> _YOUR ASSIGNMENT_
Write out the lines below exactly, beginning at the one with "Imran Khan and" and stopping after the one with "Glamping for 10"; the pictures are not copied.

> _INFORMATION PROVIDED_
....................

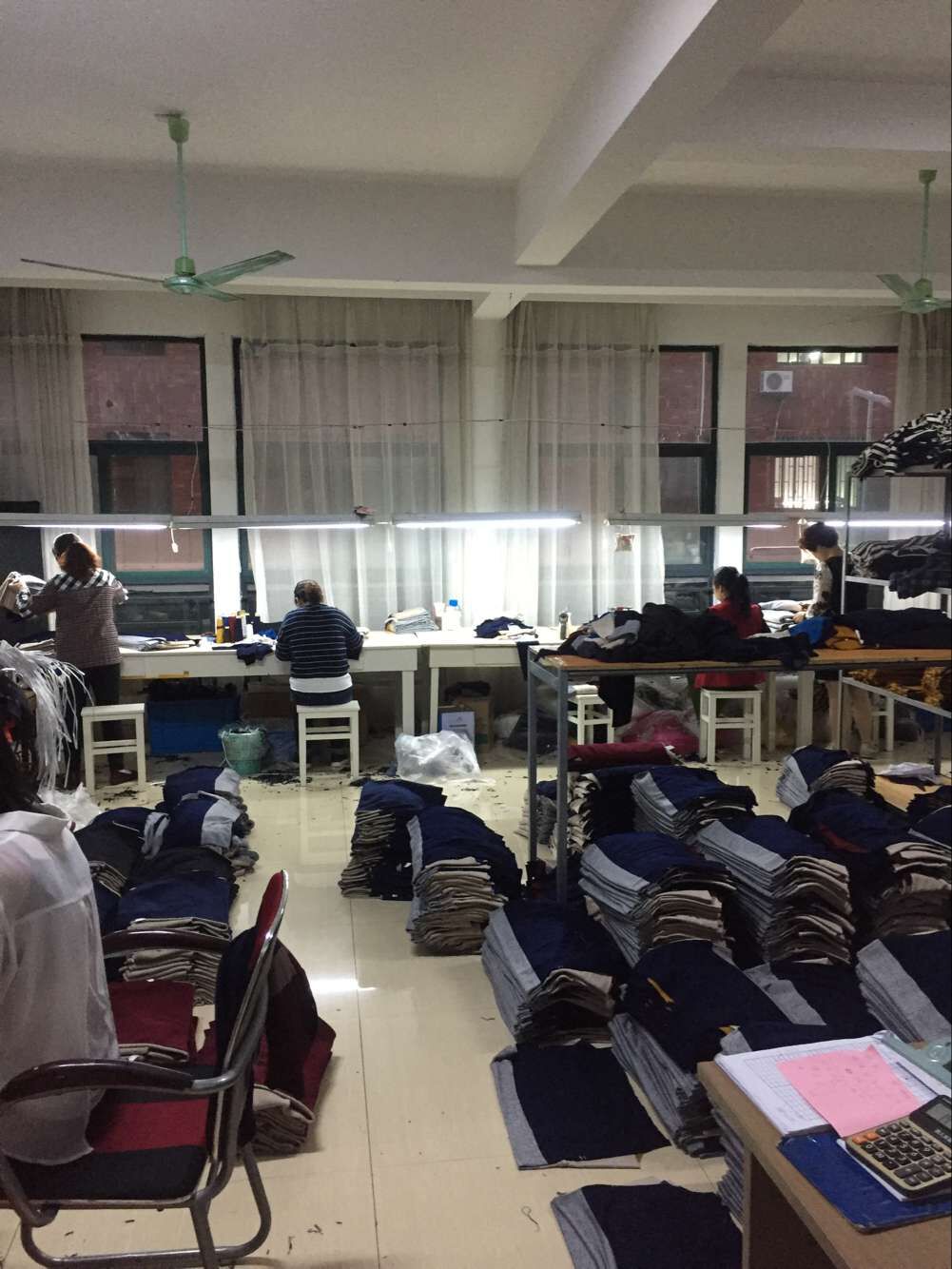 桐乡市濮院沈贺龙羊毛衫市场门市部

....................

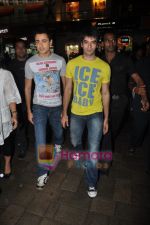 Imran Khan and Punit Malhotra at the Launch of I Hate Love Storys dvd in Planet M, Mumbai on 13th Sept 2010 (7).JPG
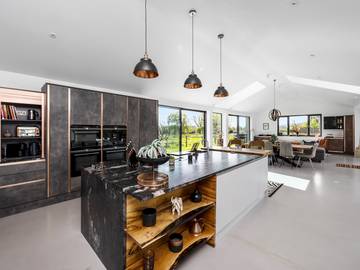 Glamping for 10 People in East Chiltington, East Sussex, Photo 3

....................

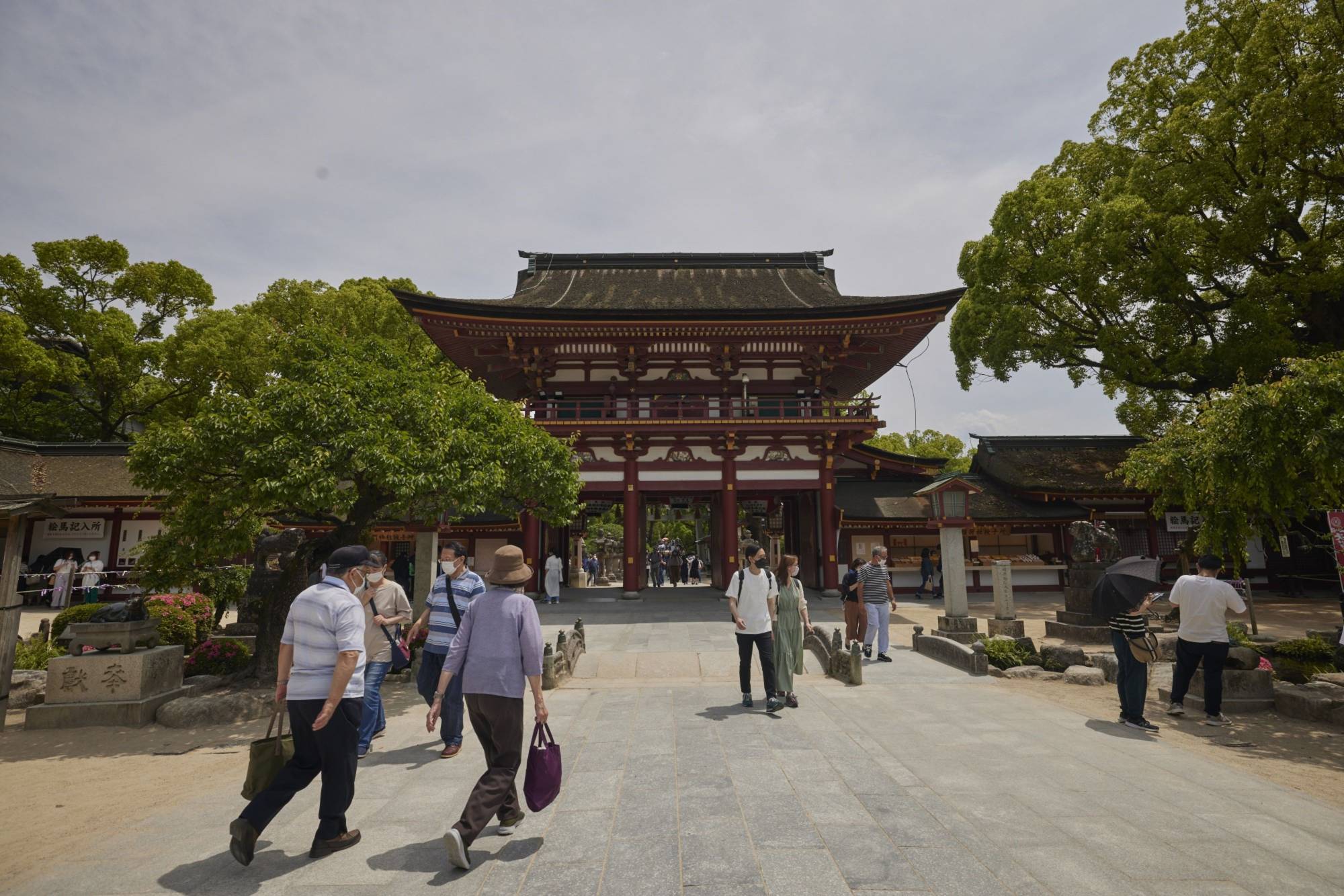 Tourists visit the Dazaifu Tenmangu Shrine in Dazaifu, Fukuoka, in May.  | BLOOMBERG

....................

> _RESPONSE TO THIS TASK_
 Imran Khan and Punit Malhotra at the Launch of I Hate Love Storys dvd in Planet M, Mumbai on 13th Sept 2010 (7).JPG
 Glamping for 10 People in East Chiltington, East Sussex, Photo 3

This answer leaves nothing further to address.